February 17, 2009 ·

DB: Unconscious Habits

I can’t stop biting my nails. And I don’t mean over the outcome of my tax return. I mean literally, I’m addicted to the consumption (or at best mastication) of the calcium deposits that find their way ever growing from the tips of my fingers. I want to stop, really I do. Its unhygienic and childish all in the same nervous gesture. The problem is, 28 years later, I don’t even realize I’m doing it until its too late. Then I’ve got this unsightly white half-inch crescent to get rid of … like the booger you are too polite to flick.

Sometimes I wonder at Tacoma’s unconscious habits. The insidiously unhealthy behavior from which we would love to gain freedom, but time and time again we find ourselves back in our car filled with Costco products that could have been purchased locally. Or perhaps we are perched languishly in front of the television instead of out enjoying fresh broccoli and bocci in the rain with Derek and Whitney. I’m not trying to give a sermon about anyone in particular, fill you all with guilt and self loathing in order to create community or some such … no, I just wonder why I’m endlessly jabbing this little hand-grown splinter into the spaces between my teeth.

I used to hide them in the couch cushions when I was a kid. Somehow unconsciously aware of the shame of it, I tried for a long time to chew them up into tiny swallowable pieces. This, as you may be aware, is bad for your teeth. It wears through the layer of enamel that keeps chompers fresh, and puts whatever it is that found its way under your nails (while you were petting the cat or putting the weights away at the Y) into intimate contact with the interior of your mouth and eventually tummy.

Why do I get straight into the car when I leave my front doorstep? I’m just going to the coffee shop … it’s two blocks from here. Why do I run red lights after 11 pm? Well, because no one is around for miles and the damn things take 20 minutes to change. Why do I insist on purchasing limitless flats of little plastic water bottles instead of springing for a faucet filter that makes my tap potable? How come only every other can makes it into the recycle bin? It’s really only six steps from the garbage. Must I really dump my expelled motor oil into the street drain? Ok, I’ve never done that but sometimes thats what it feels like to be a nail biter. It’s just unsightly, and bad for my health and image and everything.

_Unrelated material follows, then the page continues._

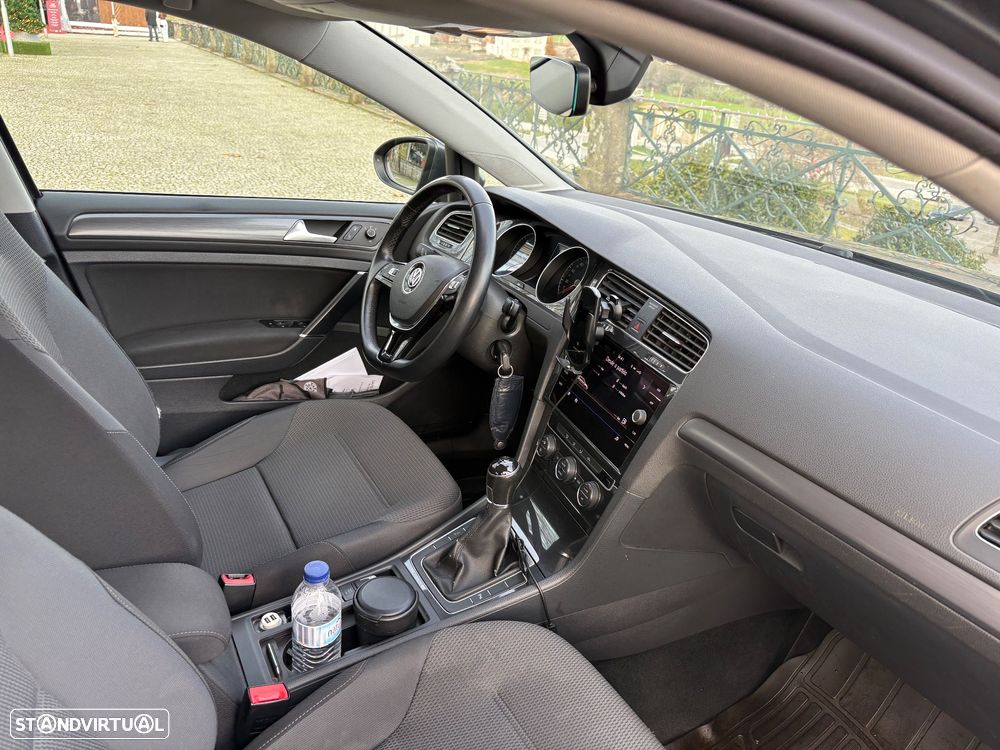 VW Golf 1.6 TDI R-Line - 12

Despite these obvious negatives, somehow biting my nails helps me to think. An oral fixation perhaps, drawing back to post womb peaceful moments of fullness and comfort … whatever the case, I can usually substitute a tea-tree toothpick if I can remember to get one out of my pocket. Even now however, as I draw my hands back from the keys to think of the next line of dialog, they move instantly into gnawing range. Even if I can keep myself from chewing them, I usually get a good pry or two out of each finger. What the heck is wrong with me?

I guess I want my urban life to be a little more conscious. I feel like I get into auto pilot and forget what I’m really after living here. I mean, if I wanted to live in isolation and have everything neatly packaged at one place that is only accessible by automobile, I could move to much more comfortable surroundings. A place not befuddled by a milieu of friendly faces who would like to say hello and get in between me and my video rental. I would invite them home to watch it with me, but I’m afraid they will go digging through my couch cushions … gross.

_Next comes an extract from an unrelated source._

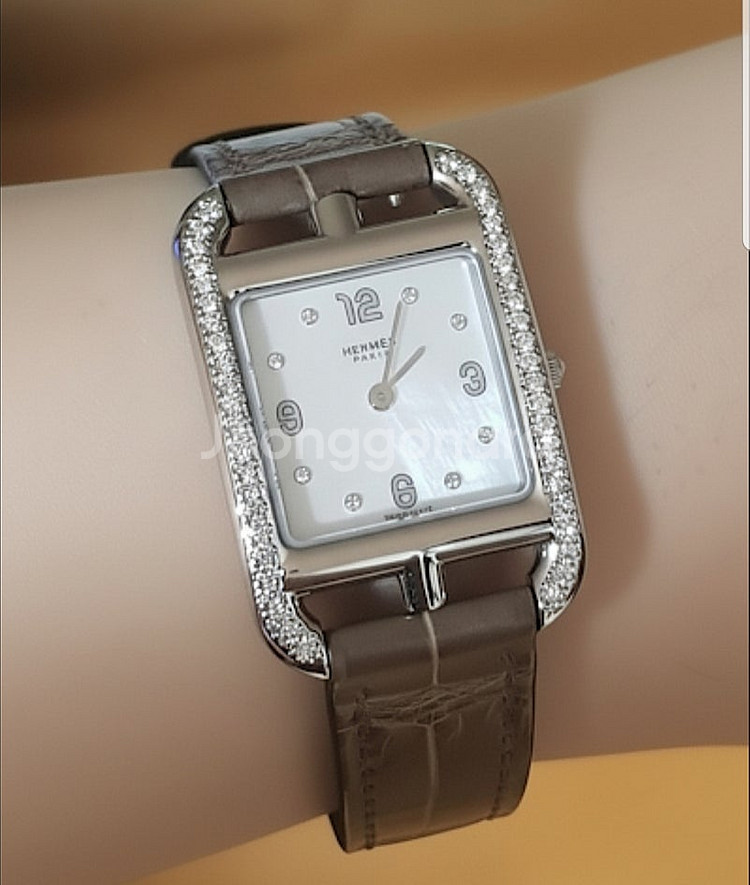 에르메스 케이프코드 31mm 스몰 다이아 워치--1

ps. there is a martigras themed kulture lab at my place on saturday night starting at around 7. art entertainment. beverages. etc. 1114 Court E

Filed under: DB

9 comments

  • Mofo from the Hood February 17, 2009

    I’ve had it with your nonsense.

  • Adam Ydstie February 17, 2009

    I was just thinking about all this the other day. I got mad at myself for getting mad at the stop lights when I wasn’t going fast enough in my 5 block return from a friend’s house. I could have walked… imagine the entertainment and people I could have encountered instead of sulking home mad at myself and those irksome red lights.

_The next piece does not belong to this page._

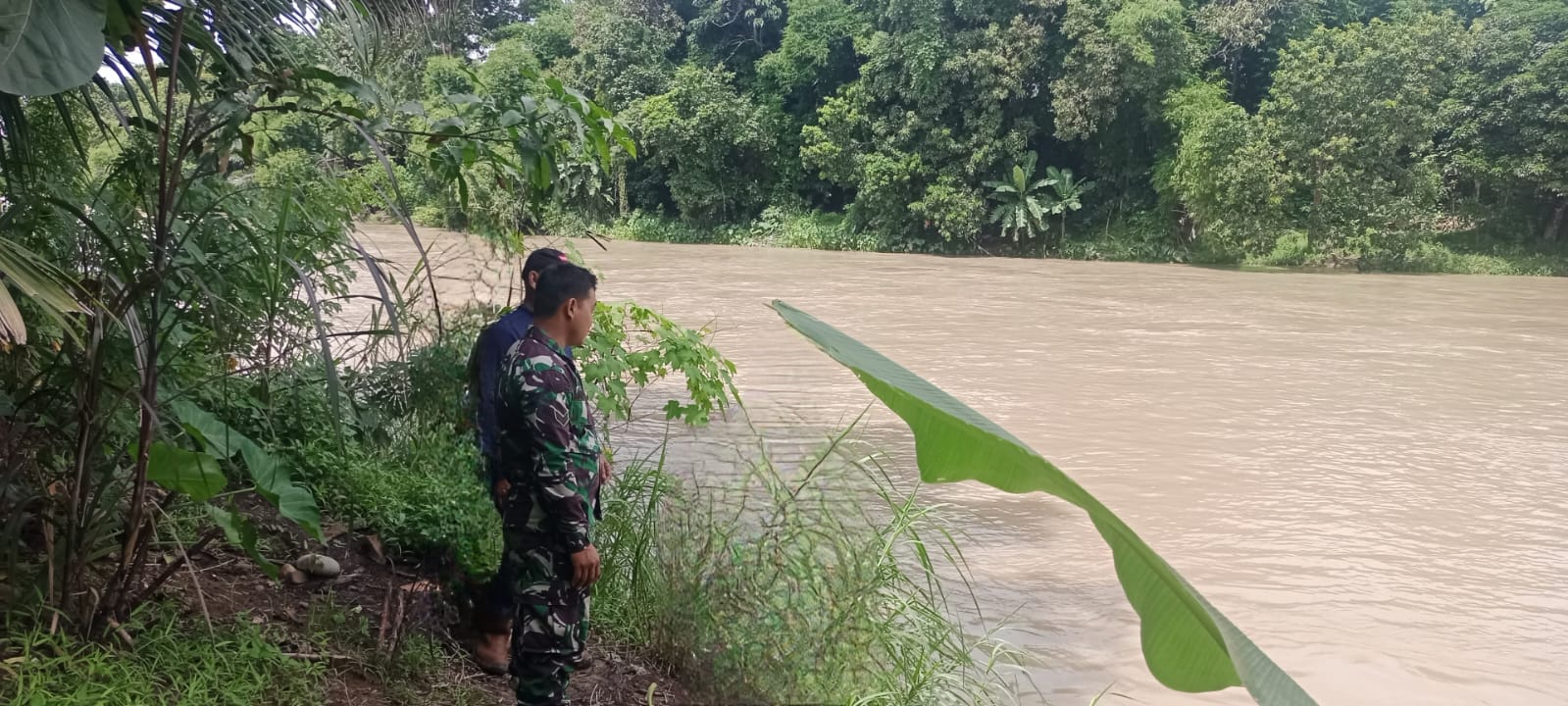 Antisipasi Banjir, Babinsa Desa Darmo Lakukan Pengecekan Debit Air Sungai Enim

  • RR Anderson February 17, 2009

    Yo.

    This is an article I would expect from CITY ARTS, not the hardworking folks of exit133.

    I want my social capital back!

  • yorkshirepudding February 18, 2009

    Keratin. Not calcium. Like hair, only thicker and more rigid.

    Just a technicality, but somebody’s gotta keep you in line, after all.

  • Thorax OTool February 18, 2009

    Why do nimrods drive over the double-yellow line on Ruston way to pass you if you’re going less than 15 over the speed limit?

    Terrible habits abound…

  • lance kagey February 20, 2009

    I’ve lived in my house for thirteen years. when I moved in, one of the windows in our bedroom was painted over. It’s still only half-scraped clean. it’s weird how we want to create a perfect society but end up sitting on the couch watching idol or as my friend calls it, “idle.” I learned to stop biting my nails but I’m a long way from broccoli.

  • Intacoma February 20, 2009

    DB let me know if you need help stopping, I have a really great solution. In the end you wont have any fingers though. You know I’ll set you up with the homey hookup

  • Sandy February 21, 2009

    Some grace. Me and Tacoma, we just need some freakin’ grace…

  • Jesse February 22, 2009

    Is this article about Tacoma? Really? Exit 133, as a whole, is slowly getting off topic.